È in corso una accelerazione anche brutale, di certi processi storici che si possono definire di mutazione. Non pronunzio la parola fatidica,cambiamento, perché l’Italia ci ha abituato al ricorrere di “rivoluzioni” che alla distanza si rivelano “reazioni”. Ne parlava Vittorini a proposito del Vespro e quelle pagine restano ancora valide per decifrare la natura profonda di certi passaggi. Ma io non sono pessimista, penso anzi che ci siano oggi condizioni nuove e che il PD possa finalmente arrivare a una resa dei conti generazionale, e, ancor più cruciale, di linguaggio. La miseria del linguaggio è segno di un pensiero fermo, impantanato nella cautela. Parliamo di dirigenti che sono persone serie, che meritano rispetto. Ma la crisi di rappresentanza impone fantasia e cultura. Imporrebbe una vera e propria mobilitazione, ma questo movimento, o pensiero che si sposta, è stato lasciato ad altri. Bisogna riprendersi quello spazio, a me sembra.

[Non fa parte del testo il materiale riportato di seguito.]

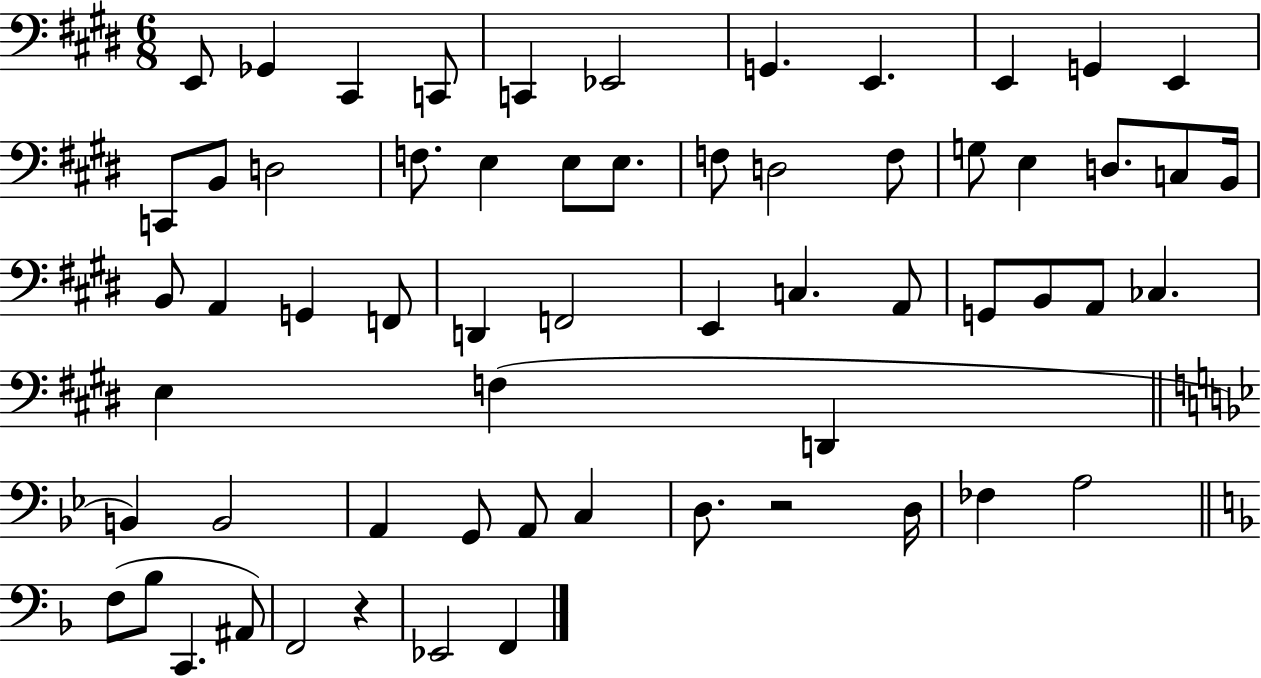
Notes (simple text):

E2/e Gb2/q C#2/q C2/e C2/q Eb2/h G2/q. E2/q. E2/q G2/q E2/q C2/e B2/e D3/h F3/e. E3/q E3/e E3/e. F3/e D3/h F3/e G3/e E3/q D3/e. C3/e B2/s B2/e A2/q G2/q F2/e D2/q F2/h E2/q C3/q. A2/e G2/e B2/e A2/e CES3/q. E3/q F3/q D2/q B2/q B2/h A2/q G2/e A2/e C3/q D3/e. R/h D3/s FES3/q A3/h F3/e Bb3/e C2/q. A#2/e F2/h R/q Eb2/h F2/q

Queste parole me le ha inviate un uomo di grande cultura e di straordinaria sensibilità, e me le ha scritte due mesi fa (il 12 marzo). Sono due mesi che le tengo a mente, e oggi penso sia giusto condividerle con voi.

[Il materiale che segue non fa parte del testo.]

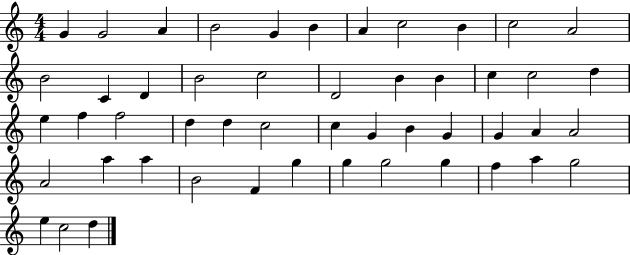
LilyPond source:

{
  \clef treble
  \numericTimeSignature
  \time 4/4
  \key c \major
  g'4 g'2 a'4 | b'2 g'4 b'4 | a'4 c''2 b'4 | c''2 a'2 | \break b'2 c'4 d'4 | b'2 c''2 | d'2 b'4 b'4 | c''4 c''2 d''4 | \break e''4 f''4 f''2 | d''4 d''4 c''2 | c''4 g'4 b'4 g'4 | g'4 a'4 a'2 | \break a'2 a''4 a''4 | b'2 f'4 g''4 | g''4 g''2 g''4 | f''4 a''4 g''2 | \break e''4 c''2 d''4 | \bar "|."
}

Quello spazio non è più a sinistra o più a destra (più a destra, in questo momento, è difficile) dell’attuale Pd: lo so che può sembrare retorico, ma quello spazio è dentro di noi, come soggetto collettivo da tornare a definire, dentro la nostra storia da tornare a frequentare, dentro la sensibilità di chi dobbiamo rappresentare.

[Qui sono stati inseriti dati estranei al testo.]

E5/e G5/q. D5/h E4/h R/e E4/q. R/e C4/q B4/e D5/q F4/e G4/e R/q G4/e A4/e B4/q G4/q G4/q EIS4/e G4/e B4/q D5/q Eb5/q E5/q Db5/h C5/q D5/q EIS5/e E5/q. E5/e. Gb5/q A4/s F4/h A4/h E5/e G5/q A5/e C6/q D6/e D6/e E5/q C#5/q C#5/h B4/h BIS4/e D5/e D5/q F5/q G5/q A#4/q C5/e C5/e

Leggo di paragoni, ribaditi anche in aula, alla Camera, tra quello che sta accadendo ora e quello che fecero Berlinguer e Moro nel 1976. Come se fosse la stessa cosa (mi fa piacere che altri, come Walter Veltroni, abbiano detto che lo trovano un paragone improprio, perché non se ne può più).

E Nadia Urbinati ce lo spiega in un bel libro, uscito recentemente. Citando Whitman e una poesia che ha cambiato il corso delle cose, almeno per lei.